As with previous years, Berlin Atonal 2018 splits its program roughly between live performances, DJ sets and visual art, with Kraftwerk’s main hall hosting the headline shows and club spaces Tresor, OHM and Globus underneath showcasing techno and club music until the early hours. It’s not the non-stop 60-hour tchno party Berghain is, but its five-day runtime requires just as much stamina.

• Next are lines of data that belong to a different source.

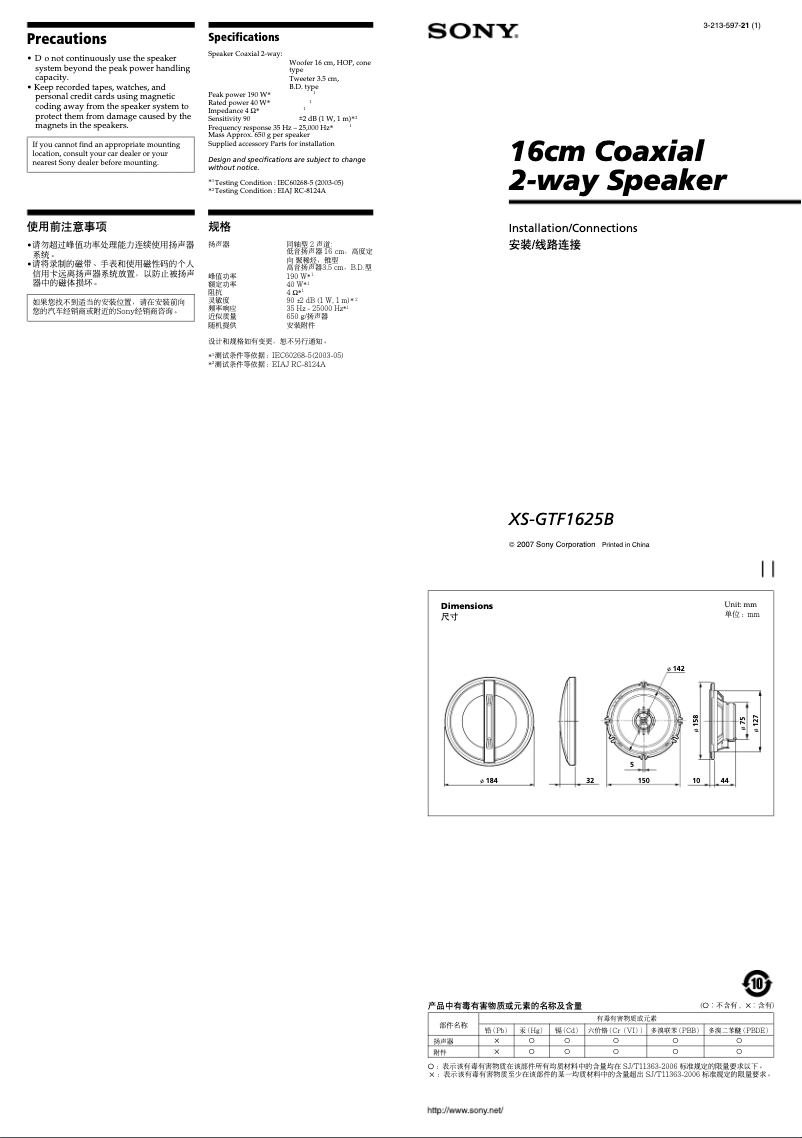 Image de la première page du manuel de l'appareil XS-GTF1625B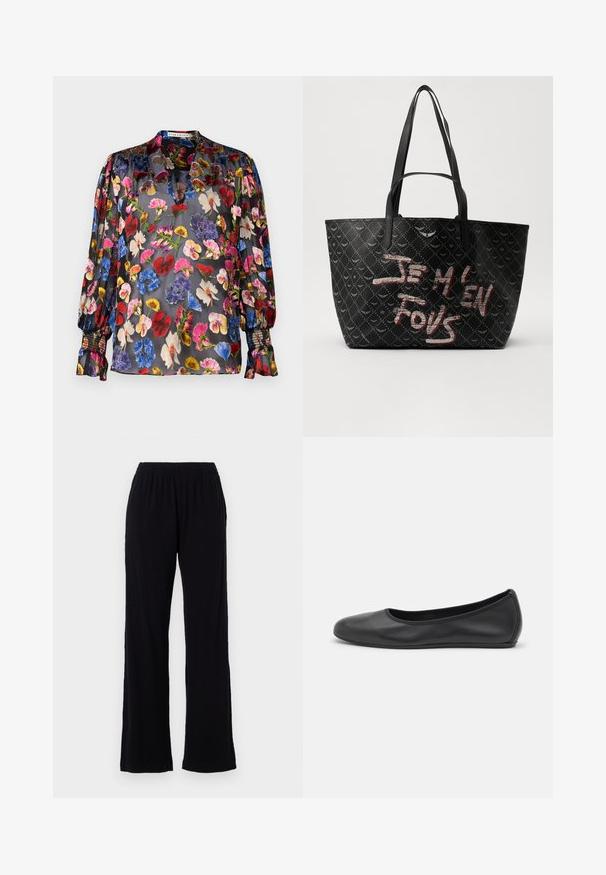 Melnā caurspīdīgā blūze ar spilgtu ziedu rakstu sarkanā, rozā, zilā un dzeltenā krāsā. Iezīmē pietiekami gruzdētas piedurknes un nelielu apkakles detaļu.; Melni, viegli, elastīgi bikses ar taisnu kāju dizainu. Mīksta tekstūra bez redzamām rakstiem vai akcentiem. Vienkāršs un daudzpusīgs stils.; Melna ādas baleta kurpe ar noapaļotu purngalu, gludu tekstūru, minimālu šuvju detalizāciju un elastīgu zoles dizainu.; Melna somiņa ar strukturālu materiālu, kas rotāta ar dimanta rakstu, plecu siksnām un drosmīgu sarkanu un baltu tekstu "JE M'EN FOUS."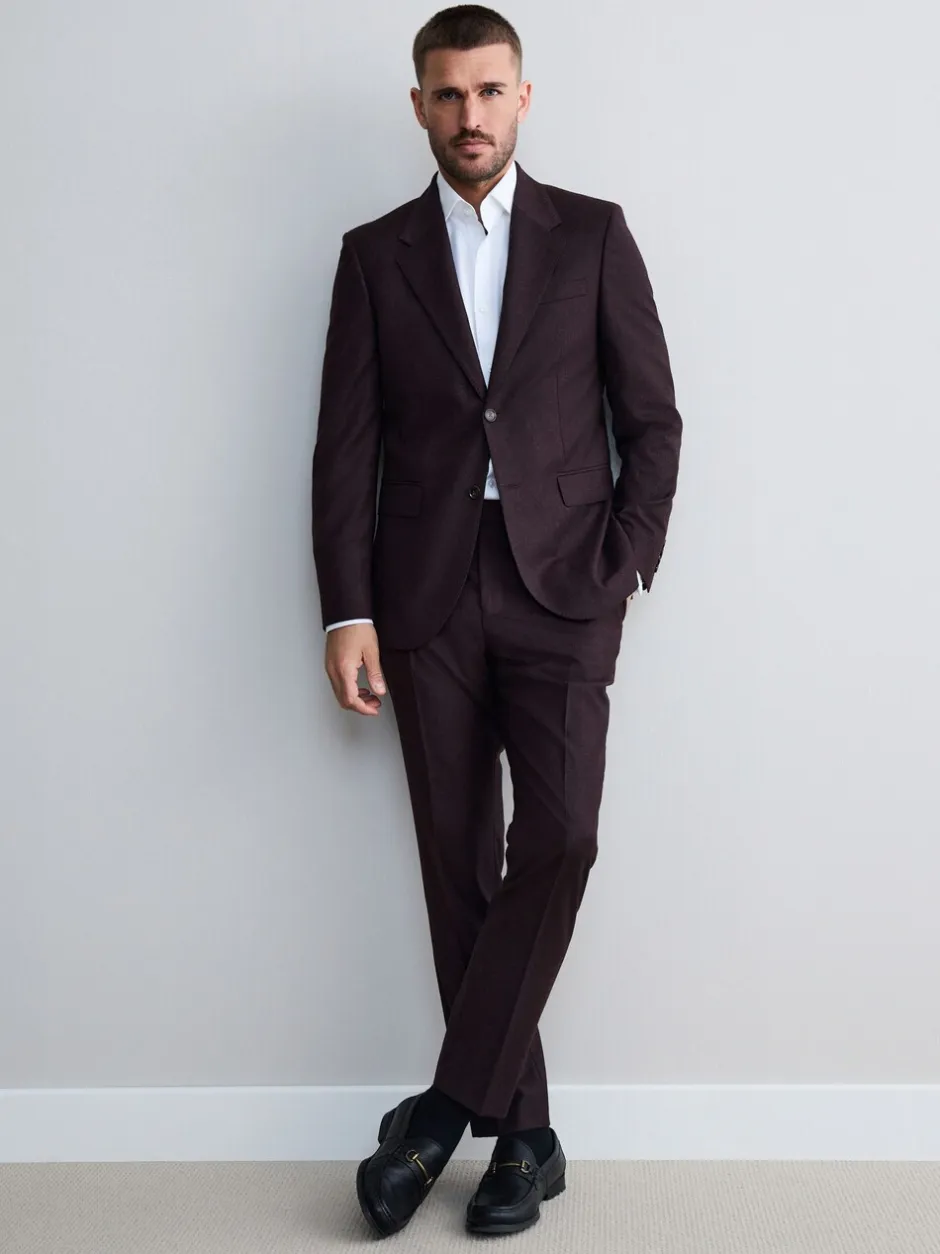 Pakken|Next - Slim Fit - Signature Zignone flanellen colbert van Italiaanse wol-kasjmier blend Bordeauxrood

“This year we have around 170 individual musicians, producers, sound and visual artists coming to Berlin to present works in the context of the festival,” say curators Harry Glass, Laurens von Oswald and Paulo Reachi. “We are always trying to strike the golden balance between programming a consistent experience that also feels like part of a bigger whole, but also keeping each night a diverse and varied and letting each act speak on its own terms.”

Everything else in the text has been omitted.